Once you find the line with "Plus Plunging Neck" in the data that follows, repeat it and every line after it exactly, through the line with "Waterproof Dog Car".
== RECORD EXCERPTS
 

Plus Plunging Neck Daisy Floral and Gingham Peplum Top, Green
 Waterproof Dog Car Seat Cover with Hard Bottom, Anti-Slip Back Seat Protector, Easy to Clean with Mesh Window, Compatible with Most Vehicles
====
== RECORD EXCERPTS
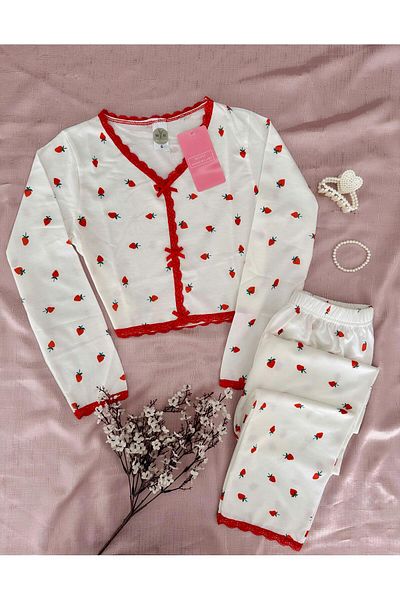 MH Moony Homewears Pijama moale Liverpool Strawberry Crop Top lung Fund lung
====
== RECORD EXCERPTS
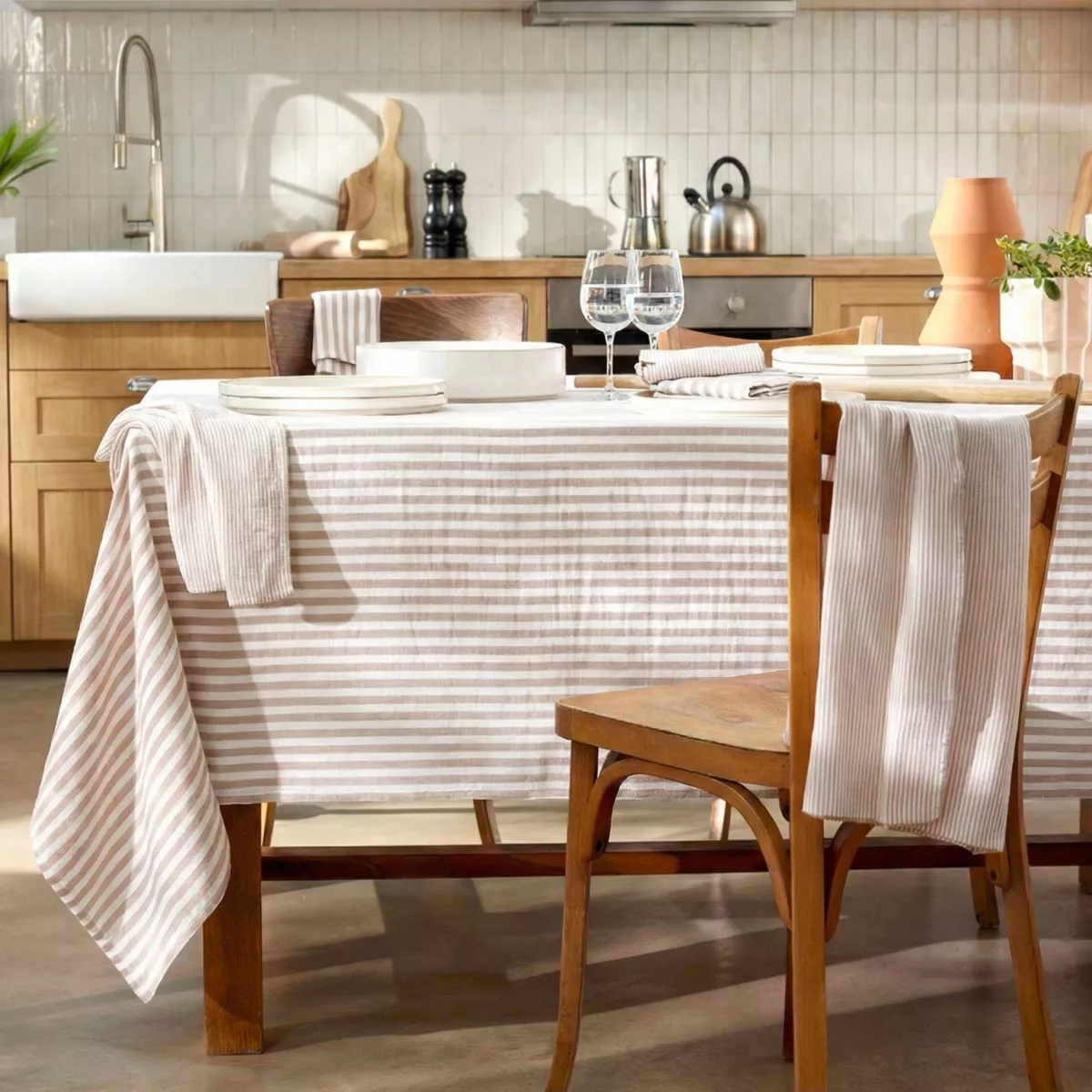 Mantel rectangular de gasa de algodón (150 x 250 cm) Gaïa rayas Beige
====
#### ANSWER FOR THE TASK
Plus Plunging Neck Daisy Floral and Gingham Peplum Top, Green
 Waterproof Dog Car Seat Cover with Hard Bottom, Anti-Slip Back Seat Protector, Easy to Clean with Mesh Window, Compatible with Most Vehicles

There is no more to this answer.